My youngest brother Joseph wrote in the birthday card that he gave him yesterday, "Even though I have only known you for twelve years, I have still seen you grow in God" (Joseph's 12 :D). I can say the same thing (though I've known him for 21 years)! What a deep respect I have for my dad who has walked through many hardships and many joys and has loved, served, and trusted God wholeheartedly through it all, allowing everything to be used by God to mold him into a man more like Jesus.
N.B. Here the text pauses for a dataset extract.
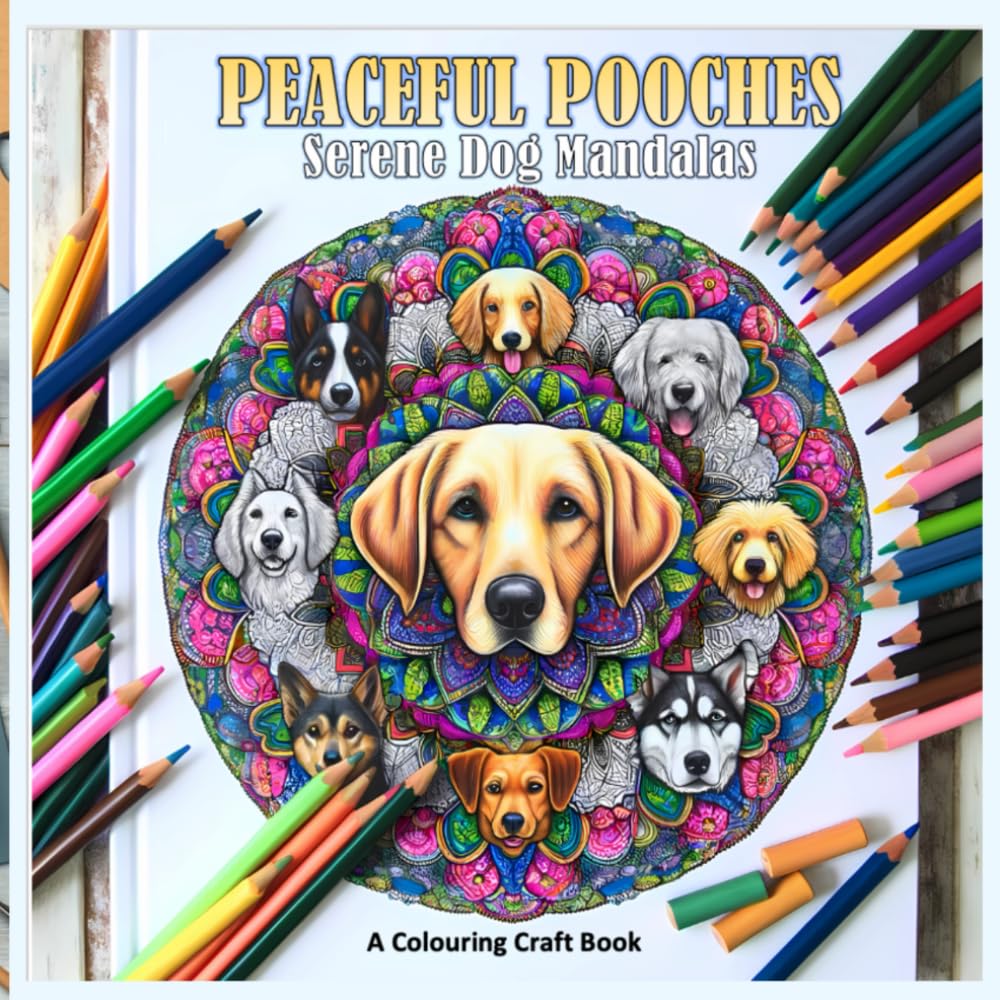 Peaceful Pooches: Serene Dog Mandalas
I love him so much and am inspired by his life!

Here are just a couple writings to honor him and give a sense of how much my relationship with him has meant to me!

A poem:

Father

Through the glass, he sees his girl—
PJs, ponytail, pancakes—she joins him on the porch.
He closes his book for her words, unstudied.
He listens well while the world is fresh and golden.

PJs, ponytail, pancakes—she joins him on the porch,
promises to make the grade, be on time, wait for love.
He listens well while her world is fresh and golden.
He learns how to father.

Promises to make the grade, be on time, wait for love
from the mouth of a child.
He learns how to father
in his failure and her failure.

From the mouth of a child,
from daughter, his watcher:
“In her failure, don’t fail her.”
He instructs her with his heart and life.
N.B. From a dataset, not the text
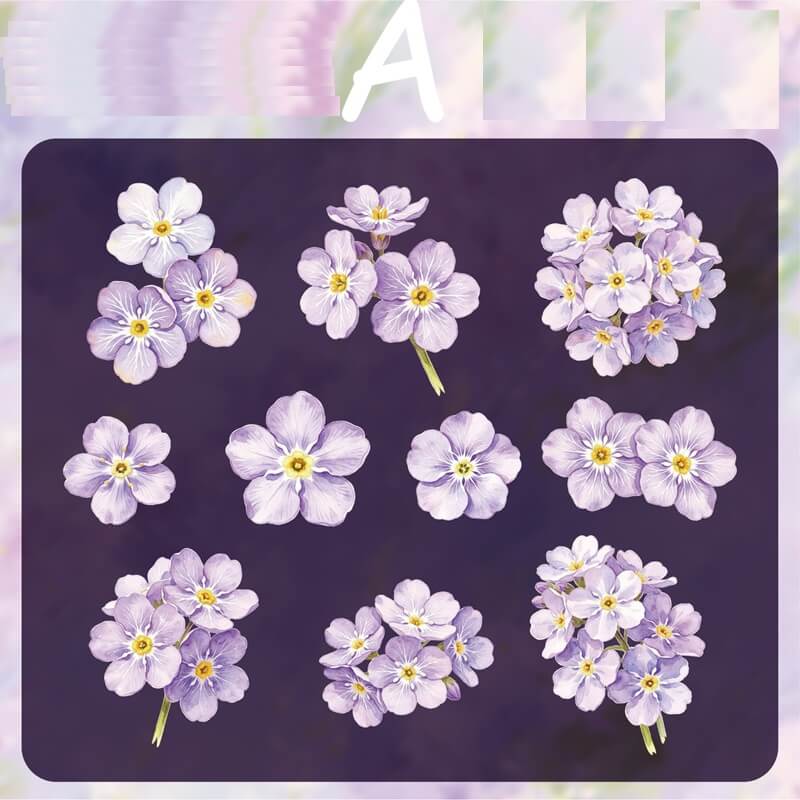 Flowers-HardCardStickers-Scrapbook-A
From daughter, his watcher—
questions about everything.
He entrusts her with his heart and life
when he answers.

Questions about everything
over two decades of girl-become-woman.
When he answers,
his words are chosen, inspected, sound.

Over two decades of girl-become-woman,
sitting next to father—still. Here
his words are chosen, inspected, sound;
wisdom from wearing days on the human frame.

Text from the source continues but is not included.